According to ING Investment Management Middle East outlook for 2010, equity markets in Saudi Arabia, Qatar, Oman and Egypt, selectively, have the internal driving catalysts that will attract foreign and local investors. In the UAE, a lot of the infrastructure spending in the region that was delayed or tendered will have a big chance of materialising this year, which will reflect positively on project-based companies and manufacturers that are linked to governments spending, it said.

The outlook also said a sustained global recovery will have a very positive impact on manufacturers in the UAE, especially the ones that export a big chunk of their production. However, as retail investors turn risk averse in the current market conditions globally as well as regionally, fund managers say retail investors need to entrust their money with professional fund managers who understand the region and the companies and they need not to be focused on one company or stock or one asset class but allocate their assets across a very diversified portfolio.

"Diversification is key for investors and is key for the long-term sustainability and growth of a fund over an investment horizon of not less than 12 to 18 months, because this is what is needed for investment course to materialise," said Rami Sidani, Head of Mena Portfolio Management, Schroders Middle East. "Retail investors who want to trade on their own end up buying high and selling low. Fund managers, with a long-term plan, tend not to make such mistakes."

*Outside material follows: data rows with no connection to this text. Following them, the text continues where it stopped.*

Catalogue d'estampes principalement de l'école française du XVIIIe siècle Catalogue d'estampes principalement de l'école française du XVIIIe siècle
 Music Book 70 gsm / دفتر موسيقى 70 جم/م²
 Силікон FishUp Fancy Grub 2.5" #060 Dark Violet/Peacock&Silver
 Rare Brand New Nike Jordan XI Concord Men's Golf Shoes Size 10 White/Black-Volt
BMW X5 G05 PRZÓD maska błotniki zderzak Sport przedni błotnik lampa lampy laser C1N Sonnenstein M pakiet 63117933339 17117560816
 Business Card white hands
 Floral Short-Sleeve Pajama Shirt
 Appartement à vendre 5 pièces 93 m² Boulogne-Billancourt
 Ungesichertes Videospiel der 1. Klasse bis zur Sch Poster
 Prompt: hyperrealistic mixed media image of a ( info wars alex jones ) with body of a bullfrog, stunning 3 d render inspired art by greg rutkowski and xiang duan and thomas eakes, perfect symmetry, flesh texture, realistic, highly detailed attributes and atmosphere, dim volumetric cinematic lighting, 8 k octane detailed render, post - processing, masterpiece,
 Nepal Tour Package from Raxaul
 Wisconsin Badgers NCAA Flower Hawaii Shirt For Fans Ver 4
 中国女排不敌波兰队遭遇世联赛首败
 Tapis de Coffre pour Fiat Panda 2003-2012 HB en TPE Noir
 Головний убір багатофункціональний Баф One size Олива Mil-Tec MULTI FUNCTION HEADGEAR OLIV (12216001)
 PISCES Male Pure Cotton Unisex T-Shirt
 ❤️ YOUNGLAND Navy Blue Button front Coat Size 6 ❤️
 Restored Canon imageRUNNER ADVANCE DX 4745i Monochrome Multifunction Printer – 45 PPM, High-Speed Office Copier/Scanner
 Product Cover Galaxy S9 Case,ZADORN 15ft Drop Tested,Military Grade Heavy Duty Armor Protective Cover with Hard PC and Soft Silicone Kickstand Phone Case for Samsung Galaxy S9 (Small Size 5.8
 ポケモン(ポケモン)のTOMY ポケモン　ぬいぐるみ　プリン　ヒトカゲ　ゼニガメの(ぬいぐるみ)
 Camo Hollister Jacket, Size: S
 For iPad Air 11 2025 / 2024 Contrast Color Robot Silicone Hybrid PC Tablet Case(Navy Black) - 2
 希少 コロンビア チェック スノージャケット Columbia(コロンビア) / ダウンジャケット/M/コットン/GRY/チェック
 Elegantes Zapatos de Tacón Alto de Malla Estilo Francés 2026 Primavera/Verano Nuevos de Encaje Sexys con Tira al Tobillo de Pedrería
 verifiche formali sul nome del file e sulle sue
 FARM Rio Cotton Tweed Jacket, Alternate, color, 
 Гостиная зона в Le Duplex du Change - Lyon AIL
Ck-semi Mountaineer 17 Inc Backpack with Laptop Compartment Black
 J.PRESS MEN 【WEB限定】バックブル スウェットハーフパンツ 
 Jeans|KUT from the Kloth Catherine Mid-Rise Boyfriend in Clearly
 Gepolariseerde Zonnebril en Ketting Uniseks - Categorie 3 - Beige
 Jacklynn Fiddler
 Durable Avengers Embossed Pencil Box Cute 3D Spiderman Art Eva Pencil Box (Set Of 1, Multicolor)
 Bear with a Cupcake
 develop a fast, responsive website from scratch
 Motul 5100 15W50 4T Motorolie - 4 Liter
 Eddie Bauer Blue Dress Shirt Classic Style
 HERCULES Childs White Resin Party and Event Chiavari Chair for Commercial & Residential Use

Fund managers say a retail investor needs to go by the fund manager rather than the NAV (net asset value) of a fund in order to invest.

"To select a particular fund, it's very important to understand the management team behind the fund. After all, this is what makes or breaks it. It's important o understand the knowledge or experience that the fund manager and his team enjoy. At the same time it's important for the management team to be on the underground and understand the dynamics of the region they invest in," Sidani said.

Tarun Ghulati, CEO, UTI International, a 100 per cent subsidiary of UTI Asset Management Company of India, said: "An investor should look a little deeper. Fund manager is the one who delivers the goods. If the strategy and objective is good and if the desire to deliver value to the customer is there, then the NAV will follow suit."

Myths and mistakes

Following a herd mentality is one of the biggest mistakes a retail investor makes when it comes to investing in a mutual fund, believe fund managers.

"Retail investors often end up following what's called a herd mentality or following the crowd. Unfortunately, they do it at the wrong time usually and this is the mistake they make. Secondly, retail investors generally do not tend to have a diversified portfolio, so they end up focusing on one stock that increases the risk of their wealth significantly," said Rami Sidani, Head of Mena Portfolio Management, Schroders Middle East.

He said there are elements of risks in any types of investment, including in mutual funds. However, an investor can mitigate these risks by investing for long-term period, say for three to five years, because the long-term time frame reduces the risk and filters out the volatility that financial markets usually exhibit.

Fadi Al Said, Senior Fund Manager and Head of Equities, ING Investment Management Middle East, said investments is all about expectations and sentiments, and mistakes have much to do with behavioural finance.

"Retail investors sometimes overlap risks when investing in equity markets and investing in funds, because they compare performance of the stock with the performance of funds. Panic and greed are other usual mistakes," he added.

The biggest myth of investing in a mutual fund is to always make money, points out Tarun Ghulati, Chief Executive Officer, UTI International. "The second biggest myth is that – if I follow the trend it'll be always good for me," he said.